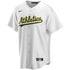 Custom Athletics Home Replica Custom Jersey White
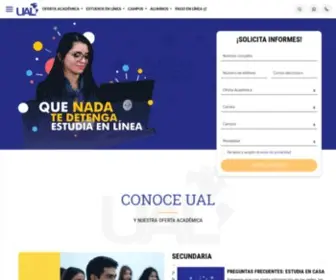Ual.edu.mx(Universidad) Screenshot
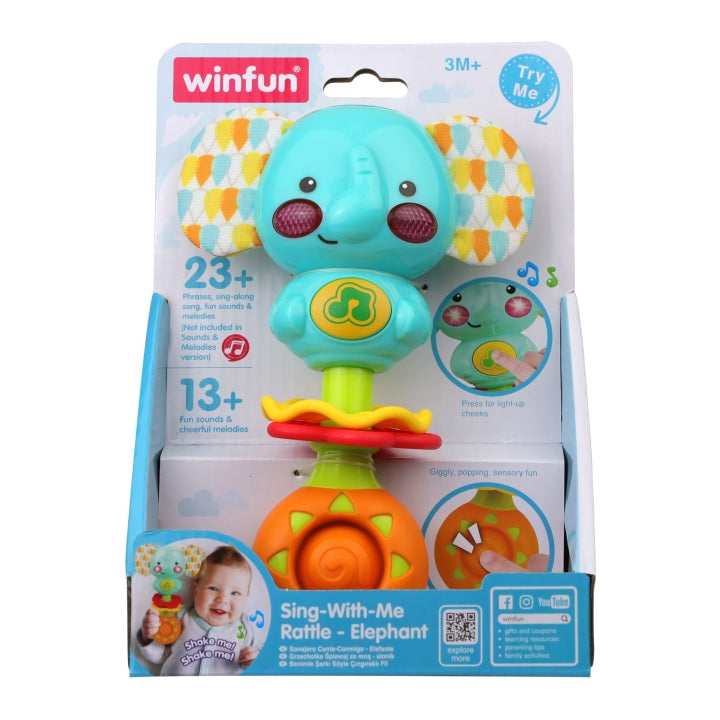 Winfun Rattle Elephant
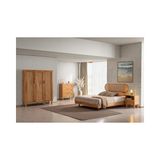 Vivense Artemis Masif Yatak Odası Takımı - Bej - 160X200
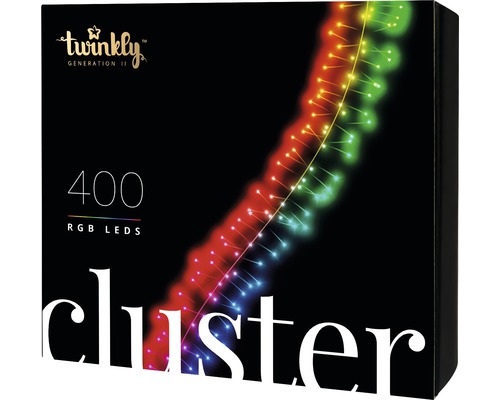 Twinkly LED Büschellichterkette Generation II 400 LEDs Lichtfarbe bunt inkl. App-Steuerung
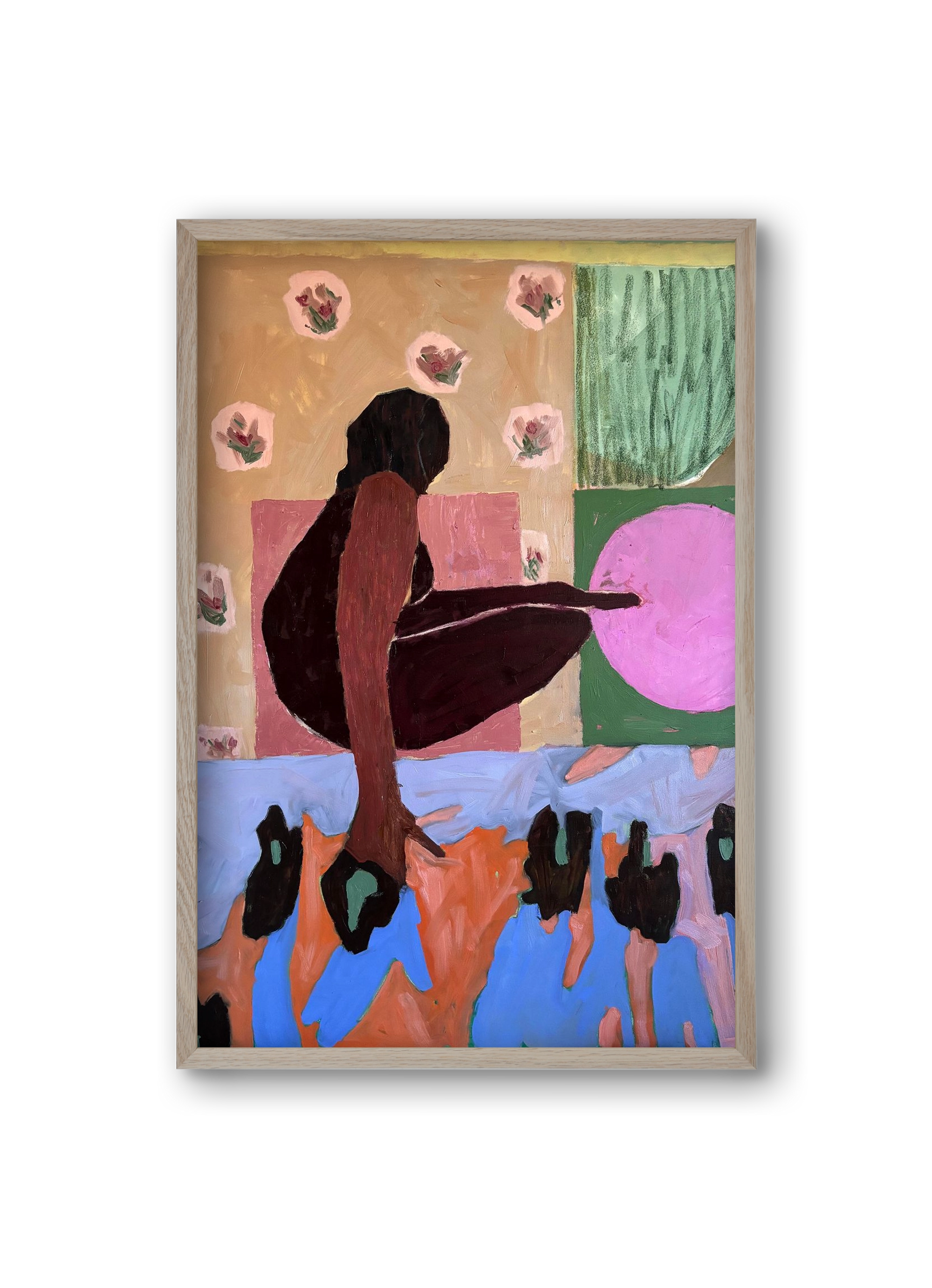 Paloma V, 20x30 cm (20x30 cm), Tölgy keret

========================================

Print the material precisely as given, dropping any images it holds.

RESULT FOR THIS TASK:
 Custom Athletics Home Replica Custom Jersey White
Ual.edu.mx(Universidad) Screenshot
 Winfun Rattle Elephant
 Vivense Artemis Masif Yatak Odası Takımı - Bej - 160X200
 Twinkly LED Büschellichterkette Generation II 400 LEDs Lichtfarbe bunt inkl. App-Steuerung
 Paloma V, 20x30 cm (20x30 cm), Tölgy keret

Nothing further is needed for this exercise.